# [ACTION ITEM]
After locating the line that contains "Aquarium Aquarists Fish", output that line and each one following it, exactly, to the end of the entries. No pictures.

'''

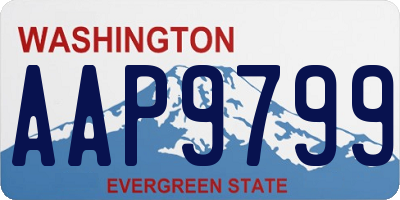 WA license plate AAP9799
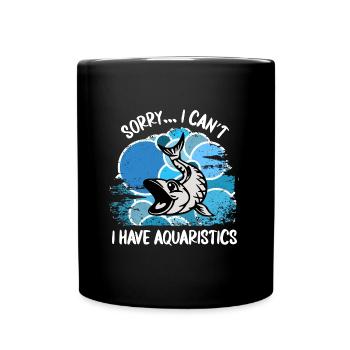 Aquarium Aquarists Fish Ornamental fish Aquaristics - Full Colour Mug - black - Front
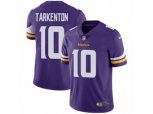 Minnesota Vikings #10 Fran Tarkenton Vapor Untouchable Limited Purple Team Color NFL Jersey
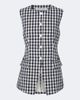 Veronica Beard Veronica Beard Lois gingham cotton vest - 1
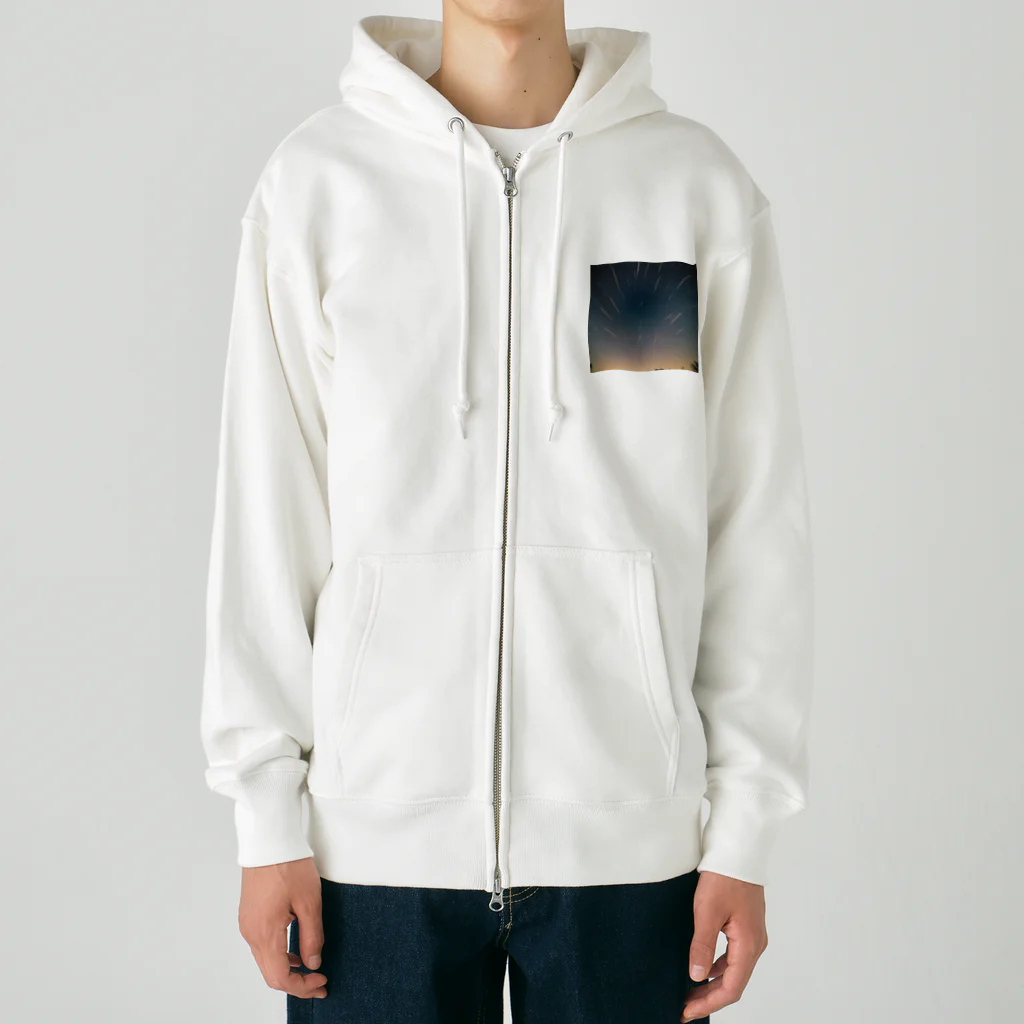 WORLDの線画アート Heavyweight Zip Hoodie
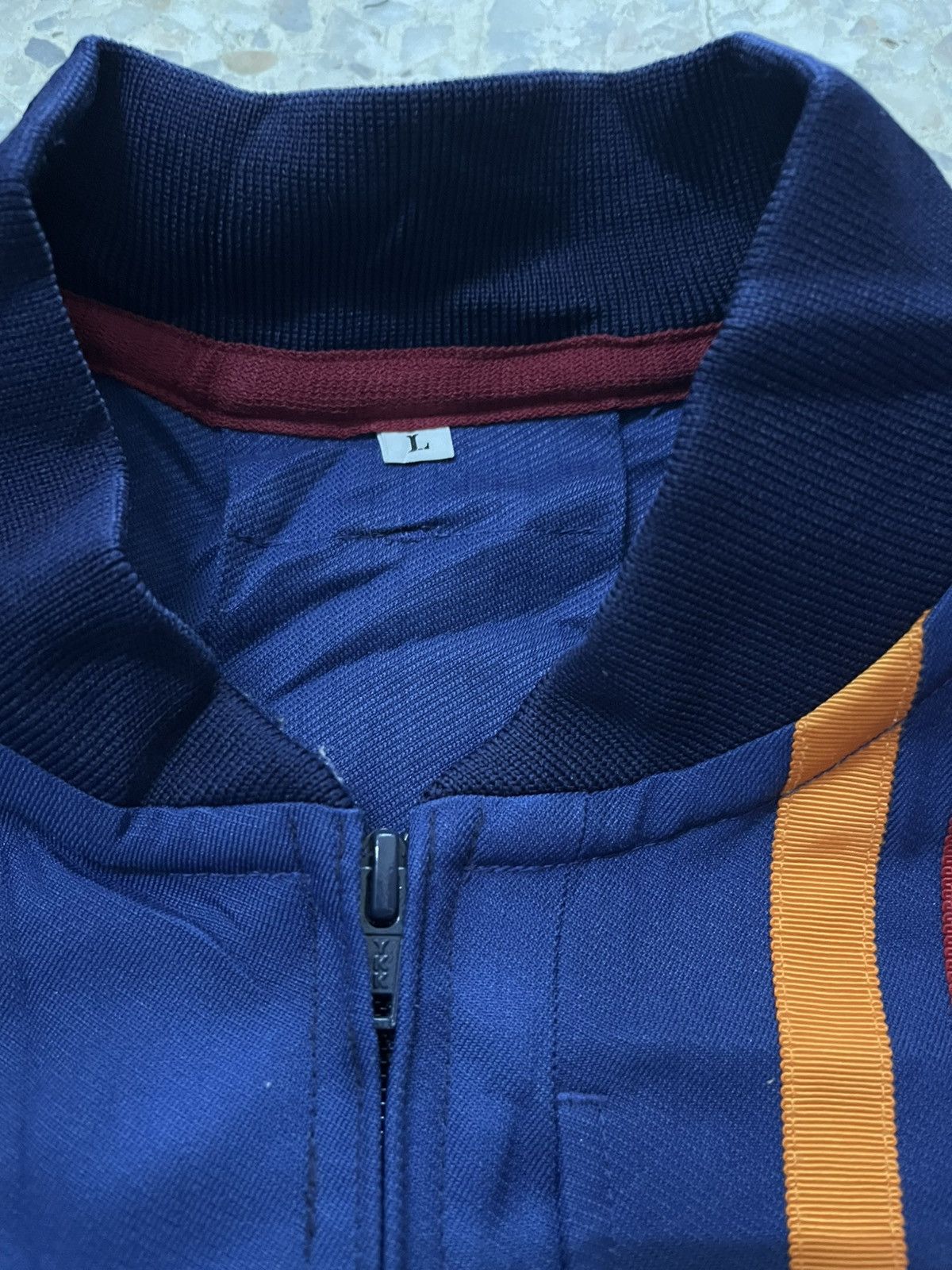 Japanese Brand ENEOS Japan Jacket Navy Red Stripe Racing Uniform Vintage Size US L / EU 52-54 / 3 - 5 Thumbnail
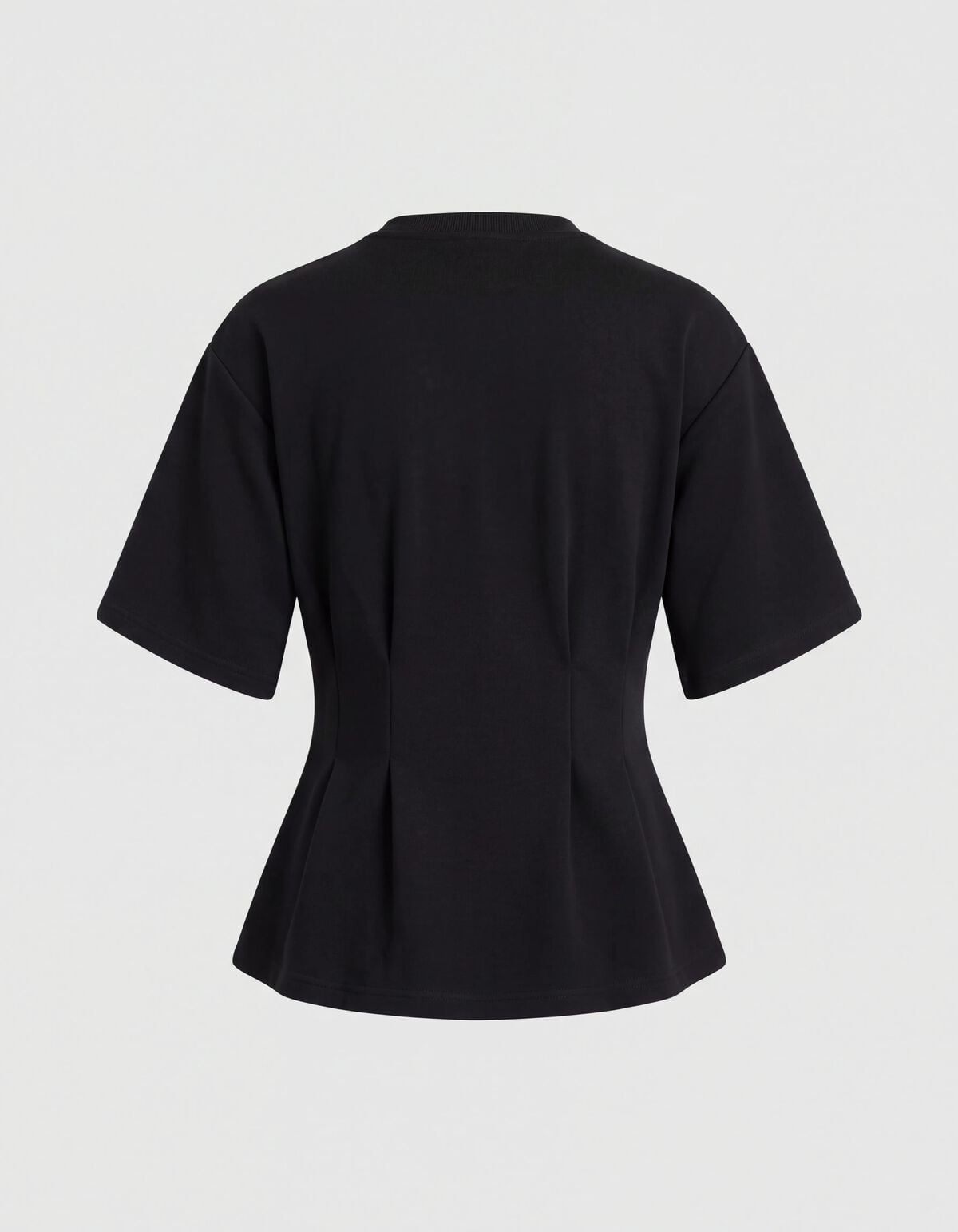 Peplum Scuba  T-shirt Zwart SHOEBY WOMEN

'''

# [ANSWER]
 Aquarium Aquarists Fish Ornamental fish Aquaristics - Full Colour Mug - black - Front
 Minnesota Vikings #10 Fran Tarkenton Vapor Untouchable Limited Purple Team Color NFL Jersey
 Veronica Beard Veronica Beard Lois gingham cotton vest - 1
 WORLDの線画アート Heavyweight Zip Hoodie
 Japanese Brand ENEOS Japan Jacket Navy Red Stripe Racing Uniform Vintage Size US L / EU 52-54 / 3 - 5 Thumbnail
 Peplum Scuba  T-shirt Zwart SHOEBY WOMEN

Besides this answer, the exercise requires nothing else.